Being confident in what you don’t know is the start of any successful A/B testing campaign. Business decisions based purely on gut feelings or past experiences are biased and may not have the end user’s best interest in mind. A/B testing and an overall culture of experimentation help mobile app product managers and marketers reduce the cost of new ideas and optimize conversion rates.
Purely quantitative A/B testing tools can provide statistics about what the best performing variation from your test was. But these numbers are more powerful when paired with qualitative — non-numerical data — that unfurls the how and why of user behavior, and that’s what all customer success stories are made of. A great experimental product hypothesis uses the preliminary research of both methods.
What is A/B testing?
In mobile app marketing, A/B testing is often used to optimize conversion rate. It’s a controlled experiment where a sample size of users is randomly split into two groups. One group is exposed to the treatment. The latter is used as a control to measure changes.
Group A is exposed to the variant, such as different font colors on the screen, whereas Group B’s environment experiences no changes from the original. If a difference is detected and there’s a high enough statistical significance, the product managers usually confirm or reject their hypothesis.
What questions can A/B testing help me answer?
Asking qualitative questions can lead to highly successful A/B tests. At best, quantitative numbers can indicate the user experience, but numbers used alone can be misleading. They tempt us with drawing our own conclusions too early.
Once you’ve reached statistical significance with your quantitative results, it’s time to move on to questions that behavioral analytic tools can help you answer:
- Behavioral attribution: Was the improved onboarding really a result of darkening the color of the buttons? What other factors influenced changes in behavior on the app?
- Source of frustration: At what point and why did they decide to leave without completing onboarding?
- Motivation: What was the user looking for when they opened up the app?
Enhancing quantitative A/B testing: How qualitative data helped find the root cause of a low-performing conversion funnel for this mobile app.
A restaurant chain has just launched their new app, migrating their website to mobile for online orders. The company has done competitor analysis and some user research about how the new user sign-up flow should be designed. They conclude that the process would be more user friendly if they only ask for one data entry field per screen, like this:
- Screen 1: Enter email address
- Screen 2: Enter name
- Screen 3: Set up a password
- Screen 4: Confirmation of email verification done by the user
After enough data flows in, the registration funnel shows that the conversion rates are below expectations and industry averages. There’s a high drop-off rate after the password setup screen.

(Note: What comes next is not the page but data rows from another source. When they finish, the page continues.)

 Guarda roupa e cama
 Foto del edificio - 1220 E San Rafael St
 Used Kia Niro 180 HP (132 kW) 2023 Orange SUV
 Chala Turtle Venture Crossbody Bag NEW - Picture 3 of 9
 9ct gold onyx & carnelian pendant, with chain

Breadcrumbs were also shown to users (e.g., they could see they were on step 3 of 5) about their progress. Based on the numbers and a few user interviews, the team assumes that the users expected some steps to be skippable or completed on one screen. But when the users saw that there were still two more steps left upon setting up the password, they abandoned the process.
Forming a hypothesis based on past experiences:
The product lead had previously worked with a competitor restaurant mobile app. The app she worked on had 3 registration screens in total. The registration conversion rate was 20% higher than the current conversion rate. She argued that if they shortened the process and combined the following screens:
- Screen 1: Name and email
- Screen 2: Password setup and opt-in
- Screen 3: Confirmation of email verification done by the user
…they would be able to increase the conversion rate.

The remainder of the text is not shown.